Good morning!
I have to obtain the number of times that a complete line appears repeated in my dataframe, to then show only those lines that appear repeated and show in the last column how many times those lines appear repetitions.
This should be the result of the correct table:
dur wage1 wage2 wage3 cola hours pension stby_pay shift_diff num_reps
6 3.0 2.0 3.0 NaN tcf NaN empl_contr NaN NaN 4
8 1.0 2.8 NaN NaN none 38.0 empl_contr 2.0 3.0 2
9 1.0 5.7 NaN NaN none 40.0 empl_contr NaN 4.0 3
43 2.0 2.5 3.0 NaN NaN 40.0 none NaN NaN 2
This is my current code:
def detect_duplicates(data):
x = DataFrame(columns=data.columns.tolist() + ["num_reps"])

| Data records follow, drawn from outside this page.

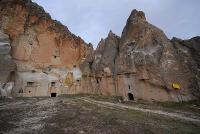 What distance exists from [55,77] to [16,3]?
41.9 ft

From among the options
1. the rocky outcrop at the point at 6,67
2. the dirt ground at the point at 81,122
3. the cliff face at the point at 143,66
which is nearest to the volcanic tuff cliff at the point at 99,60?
the cliff face at the point at 143,66

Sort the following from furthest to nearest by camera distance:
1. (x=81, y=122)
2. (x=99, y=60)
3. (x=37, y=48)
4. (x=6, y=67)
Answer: (x=99, y=60)
(x=37, y=48)
(x=6, y=67)
(x=81, y=122)

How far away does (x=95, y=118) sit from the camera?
58.4ft

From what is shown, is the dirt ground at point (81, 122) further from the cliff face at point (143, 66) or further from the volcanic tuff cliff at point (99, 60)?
the volcanic tuff cliff at point (99, 60)

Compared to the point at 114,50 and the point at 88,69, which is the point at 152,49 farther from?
the point at 88,69

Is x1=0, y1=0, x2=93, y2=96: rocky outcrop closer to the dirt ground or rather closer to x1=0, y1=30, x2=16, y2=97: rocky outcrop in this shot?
x1=0, y1=30, x2=16, y2=97: rocky outcrop

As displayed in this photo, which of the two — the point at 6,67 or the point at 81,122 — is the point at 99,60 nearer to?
the point at 6,67

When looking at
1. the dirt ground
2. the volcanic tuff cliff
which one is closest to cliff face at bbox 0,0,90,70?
the volcanic tuff cliff

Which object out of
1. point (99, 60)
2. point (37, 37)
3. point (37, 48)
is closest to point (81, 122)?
point (37, 48)

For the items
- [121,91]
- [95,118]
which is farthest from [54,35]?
[95,118]

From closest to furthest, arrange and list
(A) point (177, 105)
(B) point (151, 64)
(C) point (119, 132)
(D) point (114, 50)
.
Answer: (C) point (119, 132)
(A) point (177, 105)
(B) point (151, 64)
(D) point (114, 50)

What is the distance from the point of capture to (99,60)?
41312 mm

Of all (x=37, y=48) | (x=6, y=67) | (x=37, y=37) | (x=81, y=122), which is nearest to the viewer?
(x=81, y=122)

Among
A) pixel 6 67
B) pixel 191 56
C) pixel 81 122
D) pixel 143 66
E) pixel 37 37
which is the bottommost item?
pixel 81 122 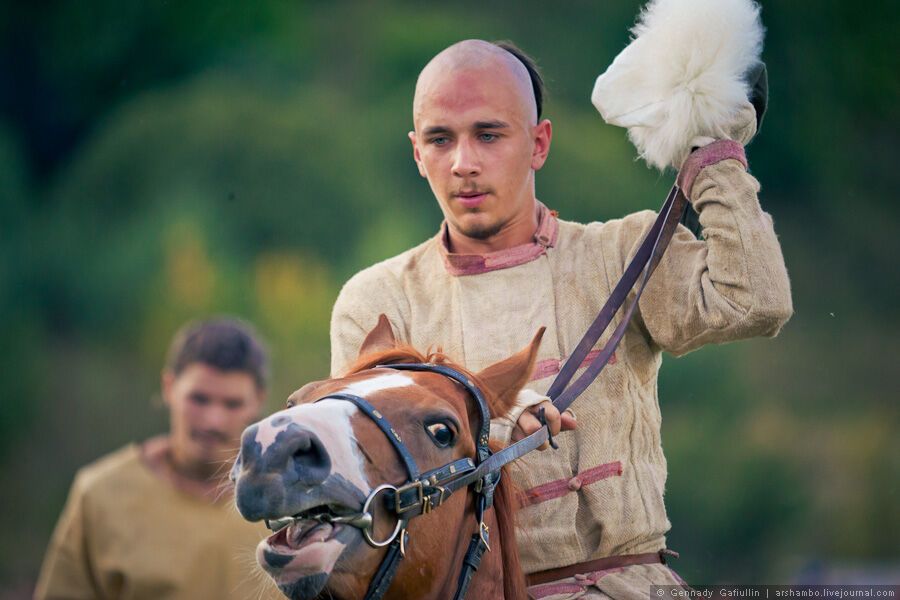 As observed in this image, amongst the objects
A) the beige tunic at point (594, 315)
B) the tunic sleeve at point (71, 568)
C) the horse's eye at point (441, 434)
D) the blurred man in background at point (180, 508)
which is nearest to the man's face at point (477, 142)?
the beige tunic at point (594, 315)

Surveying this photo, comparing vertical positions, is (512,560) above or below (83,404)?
below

x = data[data.duplicated(keep=False)].drop_duplicates()
return x
I get the result correctly, however the last column "nums_reps" that should show me how many times that repeated column appears, I have something lost, since I do not know how to do that accounting.
This is the result that I am currently obtaining, it is very similar to the one I should have, however I do not know how to add the accounting of the repeated rows at the end.
dur wage1 wage2 wage3 cola hours pension stby_pay shift_diff
6 3.0 2.0 3.0 NaN tcf NaN empl_contr NaN NaN
8 1.0 2.8 NaN NaN none 38.0 empl_contr 2.0 3.0
9 1.0 5.7 NaN NaN none 40.0 empl_contr NaN 4.0
43 2.0 2.5 3.0 NaN NaN 40.0 none NaN NaN
In summary, how could you perform that calculation? How could I count the number of rows that have all the attributes equal, to finally show them in a final row "num_reps".
Thanks